▶ _Directions for this task_:
Up to and including the line with "Set za održavanje", repeat every line of the listing exactly, beginning at the first.

※

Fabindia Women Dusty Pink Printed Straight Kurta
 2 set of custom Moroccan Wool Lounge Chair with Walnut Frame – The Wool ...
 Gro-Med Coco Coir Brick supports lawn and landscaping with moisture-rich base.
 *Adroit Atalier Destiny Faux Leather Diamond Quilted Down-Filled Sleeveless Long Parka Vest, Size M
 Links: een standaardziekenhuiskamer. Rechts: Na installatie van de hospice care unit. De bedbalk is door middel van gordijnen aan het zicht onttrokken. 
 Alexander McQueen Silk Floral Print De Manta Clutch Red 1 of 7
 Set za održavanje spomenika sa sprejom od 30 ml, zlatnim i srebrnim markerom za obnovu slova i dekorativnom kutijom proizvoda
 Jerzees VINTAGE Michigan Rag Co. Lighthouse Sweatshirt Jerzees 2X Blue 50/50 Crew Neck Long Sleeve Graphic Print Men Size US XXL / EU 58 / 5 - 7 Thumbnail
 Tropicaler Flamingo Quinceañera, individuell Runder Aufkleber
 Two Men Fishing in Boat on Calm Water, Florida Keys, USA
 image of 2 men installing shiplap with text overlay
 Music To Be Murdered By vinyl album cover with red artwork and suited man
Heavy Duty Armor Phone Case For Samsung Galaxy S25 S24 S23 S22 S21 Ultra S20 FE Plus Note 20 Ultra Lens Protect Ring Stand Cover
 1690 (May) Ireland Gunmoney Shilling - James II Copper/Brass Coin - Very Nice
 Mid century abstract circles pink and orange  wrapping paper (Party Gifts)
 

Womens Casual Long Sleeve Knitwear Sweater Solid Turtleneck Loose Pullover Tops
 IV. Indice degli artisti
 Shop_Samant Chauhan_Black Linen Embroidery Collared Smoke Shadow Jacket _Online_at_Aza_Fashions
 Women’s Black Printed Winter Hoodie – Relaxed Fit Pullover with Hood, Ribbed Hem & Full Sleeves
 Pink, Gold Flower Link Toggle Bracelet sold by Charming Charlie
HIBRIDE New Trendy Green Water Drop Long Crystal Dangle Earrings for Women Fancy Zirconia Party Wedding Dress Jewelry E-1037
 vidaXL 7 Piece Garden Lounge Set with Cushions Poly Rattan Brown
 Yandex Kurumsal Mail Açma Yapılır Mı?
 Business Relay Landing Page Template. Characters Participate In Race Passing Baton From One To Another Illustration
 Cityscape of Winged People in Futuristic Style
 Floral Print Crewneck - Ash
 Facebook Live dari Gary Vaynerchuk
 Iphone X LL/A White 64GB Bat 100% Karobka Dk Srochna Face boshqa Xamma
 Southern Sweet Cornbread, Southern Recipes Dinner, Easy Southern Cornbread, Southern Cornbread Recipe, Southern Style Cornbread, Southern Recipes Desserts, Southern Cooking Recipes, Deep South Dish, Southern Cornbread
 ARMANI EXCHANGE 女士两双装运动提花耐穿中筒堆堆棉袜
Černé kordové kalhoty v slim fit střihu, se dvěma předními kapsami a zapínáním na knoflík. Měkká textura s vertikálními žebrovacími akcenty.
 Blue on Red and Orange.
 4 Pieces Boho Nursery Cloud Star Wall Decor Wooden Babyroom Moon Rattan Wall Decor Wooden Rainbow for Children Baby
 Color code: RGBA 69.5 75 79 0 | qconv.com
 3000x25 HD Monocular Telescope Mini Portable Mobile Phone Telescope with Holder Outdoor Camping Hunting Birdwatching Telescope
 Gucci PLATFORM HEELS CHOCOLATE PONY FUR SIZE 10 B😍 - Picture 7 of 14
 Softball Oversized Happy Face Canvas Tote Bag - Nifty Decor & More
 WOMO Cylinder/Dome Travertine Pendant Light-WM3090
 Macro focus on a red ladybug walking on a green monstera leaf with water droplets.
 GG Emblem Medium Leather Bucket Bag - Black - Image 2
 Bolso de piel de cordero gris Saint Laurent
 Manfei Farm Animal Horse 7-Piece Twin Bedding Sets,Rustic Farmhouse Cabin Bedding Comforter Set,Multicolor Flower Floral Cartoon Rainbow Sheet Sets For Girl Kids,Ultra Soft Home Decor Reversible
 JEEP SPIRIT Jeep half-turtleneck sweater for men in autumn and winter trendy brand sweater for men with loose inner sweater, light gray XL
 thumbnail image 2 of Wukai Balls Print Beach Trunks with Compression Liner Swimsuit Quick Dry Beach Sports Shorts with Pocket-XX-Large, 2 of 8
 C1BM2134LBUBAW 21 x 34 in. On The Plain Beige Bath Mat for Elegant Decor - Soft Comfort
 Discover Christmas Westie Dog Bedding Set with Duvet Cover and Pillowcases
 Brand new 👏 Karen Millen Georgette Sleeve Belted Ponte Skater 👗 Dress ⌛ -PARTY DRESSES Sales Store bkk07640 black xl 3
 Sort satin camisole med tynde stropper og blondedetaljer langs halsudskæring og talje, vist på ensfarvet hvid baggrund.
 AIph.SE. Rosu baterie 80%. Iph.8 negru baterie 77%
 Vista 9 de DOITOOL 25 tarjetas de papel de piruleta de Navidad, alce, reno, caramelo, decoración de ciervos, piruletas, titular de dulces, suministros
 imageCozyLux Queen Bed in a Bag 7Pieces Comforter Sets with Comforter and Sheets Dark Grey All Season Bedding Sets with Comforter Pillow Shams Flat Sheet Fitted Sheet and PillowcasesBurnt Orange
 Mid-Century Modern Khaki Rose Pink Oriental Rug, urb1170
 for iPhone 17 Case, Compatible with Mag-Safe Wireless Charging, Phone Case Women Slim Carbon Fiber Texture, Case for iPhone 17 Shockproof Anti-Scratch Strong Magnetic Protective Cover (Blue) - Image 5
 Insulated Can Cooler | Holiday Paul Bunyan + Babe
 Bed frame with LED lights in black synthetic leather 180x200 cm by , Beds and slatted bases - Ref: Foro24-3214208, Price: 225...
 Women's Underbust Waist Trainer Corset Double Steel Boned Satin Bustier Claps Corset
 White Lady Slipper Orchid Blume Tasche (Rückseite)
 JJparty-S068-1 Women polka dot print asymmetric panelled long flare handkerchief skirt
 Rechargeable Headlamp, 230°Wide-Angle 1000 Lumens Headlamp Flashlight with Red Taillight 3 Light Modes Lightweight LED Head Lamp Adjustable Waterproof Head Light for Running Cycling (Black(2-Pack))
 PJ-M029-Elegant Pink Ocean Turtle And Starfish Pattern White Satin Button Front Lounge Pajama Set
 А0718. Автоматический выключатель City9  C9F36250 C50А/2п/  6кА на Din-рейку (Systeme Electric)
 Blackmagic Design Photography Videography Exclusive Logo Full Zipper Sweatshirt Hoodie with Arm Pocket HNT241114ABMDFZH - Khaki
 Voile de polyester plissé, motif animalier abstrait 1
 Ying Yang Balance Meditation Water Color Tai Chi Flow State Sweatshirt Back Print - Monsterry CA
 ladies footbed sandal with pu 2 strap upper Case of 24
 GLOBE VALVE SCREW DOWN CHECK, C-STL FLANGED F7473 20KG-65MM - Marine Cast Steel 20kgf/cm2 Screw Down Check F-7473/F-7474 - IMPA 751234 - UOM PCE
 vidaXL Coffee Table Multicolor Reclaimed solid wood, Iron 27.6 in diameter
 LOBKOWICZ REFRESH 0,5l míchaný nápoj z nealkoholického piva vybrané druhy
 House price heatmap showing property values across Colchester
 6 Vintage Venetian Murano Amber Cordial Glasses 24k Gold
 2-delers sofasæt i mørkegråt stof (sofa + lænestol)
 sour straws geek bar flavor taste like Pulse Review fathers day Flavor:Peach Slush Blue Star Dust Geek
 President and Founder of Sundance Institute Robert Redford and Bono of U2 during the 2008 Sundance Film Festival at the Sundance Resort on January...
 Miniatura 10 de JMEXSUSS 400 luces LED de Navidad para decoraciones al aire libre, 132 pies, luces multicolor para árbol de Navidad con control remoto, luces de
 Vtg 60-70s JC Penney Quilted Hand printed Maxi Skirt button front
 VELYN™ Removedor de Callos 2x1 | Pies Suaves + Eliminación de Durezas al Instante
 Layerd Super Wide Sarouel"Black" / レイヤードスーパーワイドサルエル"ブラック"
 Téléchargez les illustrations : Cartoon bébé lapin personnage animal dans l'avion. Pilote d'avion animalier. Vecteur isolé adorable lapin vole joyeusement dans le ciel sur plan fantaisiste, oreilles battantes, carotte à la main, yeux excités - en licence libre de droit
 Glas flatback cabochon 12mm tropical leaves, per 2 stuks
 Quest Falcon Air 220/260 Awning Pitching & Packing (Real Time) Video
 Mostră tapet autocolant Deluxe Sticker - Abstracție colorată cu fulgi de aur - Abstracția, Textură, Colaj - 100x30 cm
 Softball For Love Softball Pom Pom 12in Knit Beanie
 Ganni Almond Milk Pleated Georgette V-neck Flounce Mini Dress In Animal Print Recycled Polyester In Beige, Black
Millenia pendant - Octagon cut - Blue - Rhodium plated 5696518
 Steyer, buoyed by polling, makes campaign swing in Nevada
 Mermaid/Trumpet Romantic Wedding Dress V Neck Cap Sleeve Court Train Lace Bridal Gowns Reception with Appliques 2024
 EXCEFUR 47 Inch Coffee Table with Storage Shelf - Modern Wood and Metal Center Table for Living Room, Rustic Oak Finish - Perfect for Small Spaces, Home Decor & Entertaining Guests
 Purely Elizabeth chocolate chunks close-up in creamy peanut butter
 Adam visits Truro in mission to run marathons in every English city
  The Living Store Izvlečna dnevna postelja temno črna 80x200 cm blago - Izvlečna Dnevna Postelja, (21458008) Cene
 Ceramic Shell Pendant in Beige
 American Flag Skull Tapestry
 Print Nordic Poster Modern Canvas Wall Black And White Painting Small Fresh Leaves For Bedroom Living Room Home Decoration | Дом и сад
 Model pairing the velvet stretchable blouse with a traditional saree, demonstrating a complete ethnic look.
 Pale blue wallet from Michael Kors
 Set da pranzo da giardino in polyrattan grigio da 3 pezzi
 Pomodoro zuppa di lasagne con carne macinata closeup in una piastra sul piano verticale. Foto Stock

※

▶ _Result of the task_:
Fabindia Women Dusty Pink Printed Straight Kurta
 2 set of custom Moroccan Wool Lounge Chair with Walnut Frame – The Wool ...
 Gro-Med Coco Coir Brick supports lawn and landscaping with moisture-rich base.
 *Adroit Atalier Destiny Faux Leather Diamond Quilted Down-Filled Sleeveless Long Parka Vest, Size M
 Links: een standaardziekenhuiskamer. Rechts: Na installatie van de hospice care unit. De bedbalk is door middel van gordijnen aan het zicht onttrokken. 
 Alexander McQueen Silk Floral Print De Manta Clutch Red 1 of 7
 Set za održavanje spomenika sa sprejom od 30 ml, zlatnim i srebrnim markerom za obnovu slova i dekorativnom kutijom proizvoda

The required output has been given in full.